When the write-back occurs at the end of the read-modify-write operation, 
any register bits which have their protection FF 122 set will retain their 
value and ignore the value being written to them via the bus. Any latch 
whose protection FF is not set, or any bit which is not modifiable by the 
hardware, will accept the bus write data as normal. 
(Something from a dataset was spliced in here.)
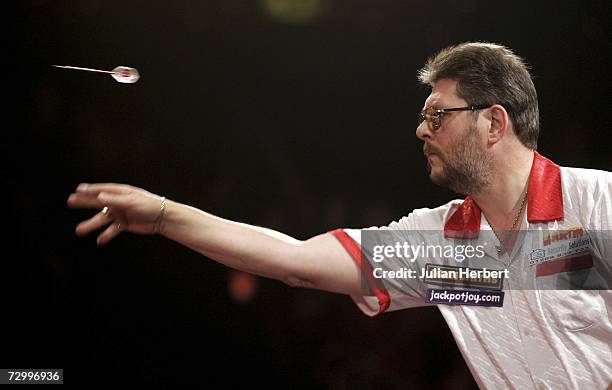 Martin Adams of England in action against Phil Nixon of England during the Final Of The BDO World Darts Championships at the Lakeside Country Club on...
This operation requires that the bus control logic assert the 
read-modify-write (RMW) control signal during the read portion of the 
operation and keep it asserted until the write-back is completed. FIG. 4 
shows the signal waveforms during the read-modify-write operation. All 
control signals shown are active when high and inactive when low. The 
signal names shown are indicated in FIG. 3, except that REGISTER.sub.-- 
BIT represents the data stored in the FF 114, and PROTECTION.sub.-- FF 
represents the state of the protection FF 122. The cycle phases are 
indicated by the labels at the top. The transitions indicated by the 
letters A and B indicate that, when the HW.sub.-- UPDATE strobe is active, 
the REGISTER.sub.-- BIT is, loaded with the HW.sub.-- DATA. The 
transitions indicated by the letters C and D indicate that, when the 
HW.sub.-- UPDATE strobe is active and the RMW signal is active, the 
PROTECTION.sub.-- FF is set. The transitions indicated by the letters E 
and F indicate that, when the PROTECTION.sub.-- FF is set, the 
WRITE.sub.-- ST is ignored and the REGISTER.sub.-- BIT is not loaded with 
the WRITE.sub.-- DATA. The transition indicated by the letter G indicates 
that, when the RMW signal is deasserted, the PROTECTION.sub.-- FF is 
reset. 
It will be understood that, while the logic circuit used to illustrate the 
invention is preferred, other logic circuits capable of performing the 
functions indicated above to preserve the status of a register bit 
modified during a read-modify-write operation will be evident to those 
skilled in this art and are intended to be included within the scope of 
this invention. 
While the invention has been described in connection with preferred 
embodiments, it will be understood that modifications thereof within the 
principles outlined above will be evident to those skilled in the art and 
thus the invention is not limited to the preferred embodiments but is 
intended to encompass such modifications.